I have a confession to make. I did have a good year this year. It was definitely a lot better than last year which was when I found out about my ex husband’s affair and my dreams as I knew it were shattered. Last year was all about truth discovery and being hurt. This year was all about moving on and rebuilding. But there were still some bad habits that I fell into this year.
I had to validate myself. And I validated myself with guys. The attention I was getting from guys made me feel good about myself. And this was because I always measured myself by my physical attributes. Hence if guys found me attractive, I felt good about myself.
I got into an arrangement with a guy this year. He was a nice guy by all means and treated me well. But he made it clear from the start that he was not looking for a serious long term relationship. I knew I was not ready to be in a relationship either as I needed time to be alone to recover from my failed marriage. Nonetheless our arrangement lasted the whole year but towards the second half of the year, my old insecurities came back. He has a close relationship with a female friend who is younger than me and is attractive. I started feeling insecure about it and started to distance myself emotionally from him. I also felt him distancing himself from me – his texts became almost non existent.

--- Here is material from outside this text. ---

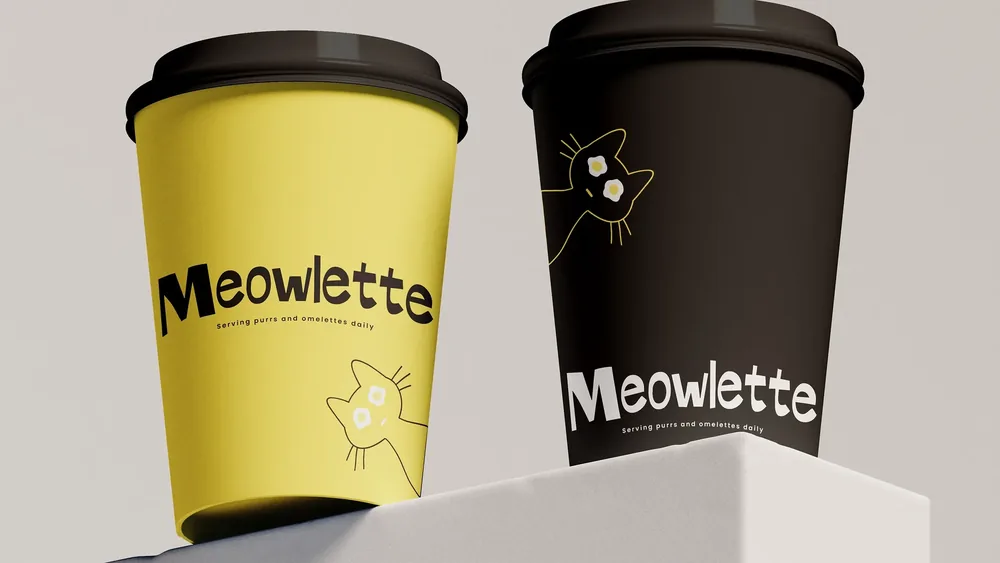Meowlette: the yellow and black takeaway cups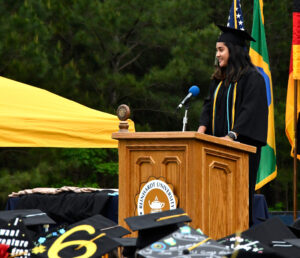 Angel Cornista addresses students at commencement.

About a month ago, he texted me on a Sunday morning when my daughter was not with me and I went over to his place. I felt relieved that he actually reached out to me. I felt validated again that he still wanted to see me. It is a stupid feeling and I know I have to stop feeling the need to be validated. This is the root cause to me being in bad relationships with people who don’t deserve me.
My new year’s resolution is to ‘fix my picker’. In order to do that, I need to truly love myself and build my boundaries. I need to have dealbreakers and not be afraid to enforce them. I hope I will be strong enough to resist that temptation and that need to be validated should he or any other person from my past or future reach out to me again.
If there is one new year’s resolution you should make, it would be to think through the root cause of your bad situation. A new year is a great opportunity to break free of bad familiar habits and get into new ones. It will be a difficult process especially initially. But once you get through it, I believe that it would be so worth it.